You don't have to be an expert to pick the best bottles of wine. These expert tips will steer you in the right direction.

In a perfect world, we’d all be armchair sommeliers. We’d have just the right words to describe a single sip of pinot. We’d know what to pair with a homemade pizza. And we’d recognize the difference between this chardonnay and that one. In reality, most of us just buy what we’ve had a hundred times, or we pick by price or—yikes—label. That’s where I come in! I can’t go with you to the wine store, but I can share some easy tricks to help you before you go.

Wine glasses and bottle of wine

Victor Protasio

Skip the Super Cheap Stuff

The quickest way to make sure you’re getting a decent bottle is to spend at least $10 a pop. “Many cheaper wines start with subpar fruit and need to make up for it on the back end, so they’re full of additives,” says Brianne Cohen, a Los Angeles–based certified sommelier and a judge at international wine competitions. Plus, so many elements go into producing wine (labor, land management—even label design) that Cohen says it’s almost impossible to make a good-quality one priced at less than $10 a bottle.

Broaden Your Horizons

“If you look beyond the most famous wine regions, you can often get more for your money,” says Kate Leahy, author of Wine Style, a guide to figuring out which varietals you like, with recipe pairings. “If you like Napa cabernets but not their usual high price tags, consider cabs from Australia.” Also, keep an eye out for wines from Portugal and Spain, two countries where good wine is often underpriced compared with more famous—and highly marketed—wine producers, like France and the United States.

Read the Fine Print

We’d be robots if we didn’t respond to those cool, artistic labels on the fronts of bottles! Just remember to also turn the bottle around. Leahy checks the back label to see where the wine hails from— the more specific the location, the better the wine (usually). “If a bottle of pinot noir says California, great. California Central Coast, even better. Santa Barbara, California, even better.” If you’re drinking a foreign bottle and you like it, note the name of the importer. “That way, you can seek out other wines they import,” Leahy says, because importers tend to maintain standards across their portfolios.
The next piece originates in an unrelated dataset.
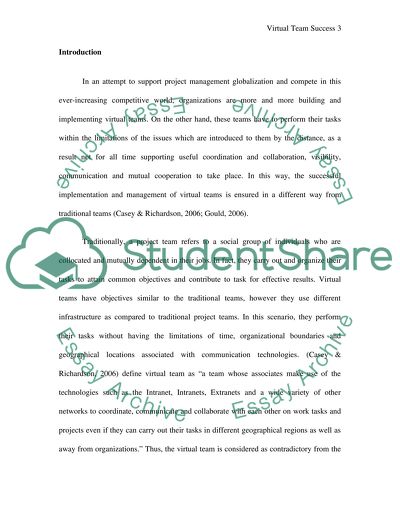 Virtual Team success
Zachary Sussman, author of The Essential Wine Book, also suggests looking for phrases like “estate bottled” on American wines and “mis en bouteille au château” on French wines. These terms mean the winemaker had control of the entire process, from grape growing to wine bottling. “Chances are, the wine was made by a smaller, often family-run estate that puts care into it, not some giant conglomerate that might put less emphasis on quality,” Sussman says.

Pay Attention to Colors

If you know you like crisp, refreshing whites, scope out the store for paler wines, Leahy says. If you prefer richer, more buttery whites, look for wines more golden in color. While this trick won’t work 100 percent of the time, it can help you narrow down your choices. You can shop rosés by color too, Leahy “There are exceptions, but looking at the color is a good way to get a sense of what’s in the bottle.”

Pull Out Your Phone

There’s an app for everything these days— including wine shopping. Cohen likes Vivino (free; iOS and Android), which scans the label and provides crowdsourced data and reviews for that particular bottle, a boon when you’re choosing between a dozen or more bottles of sauv blanc. “Vivino really comes in handy once you start inputting your own ratings and tasting notes. The system will analyze your preferences to help steer you toward a bottle you’ll enjoy,” she adds.

Be Adventurous

This might sound odd, considering I’m trying to help you pick a winner, but both Leahy and Cohen recommend going outside your comfort zone at times…even if you end up with a bottle you wouldn’t buy again. “The next time you shop, grab something you love, but also something you’ve never tried,” Cohen says. If you find the wine undrinkable, freeze it in ice cube trays and use it for future deglazing and braises. Any fails will be worth it, if they get you closer to knowing exactly what you love.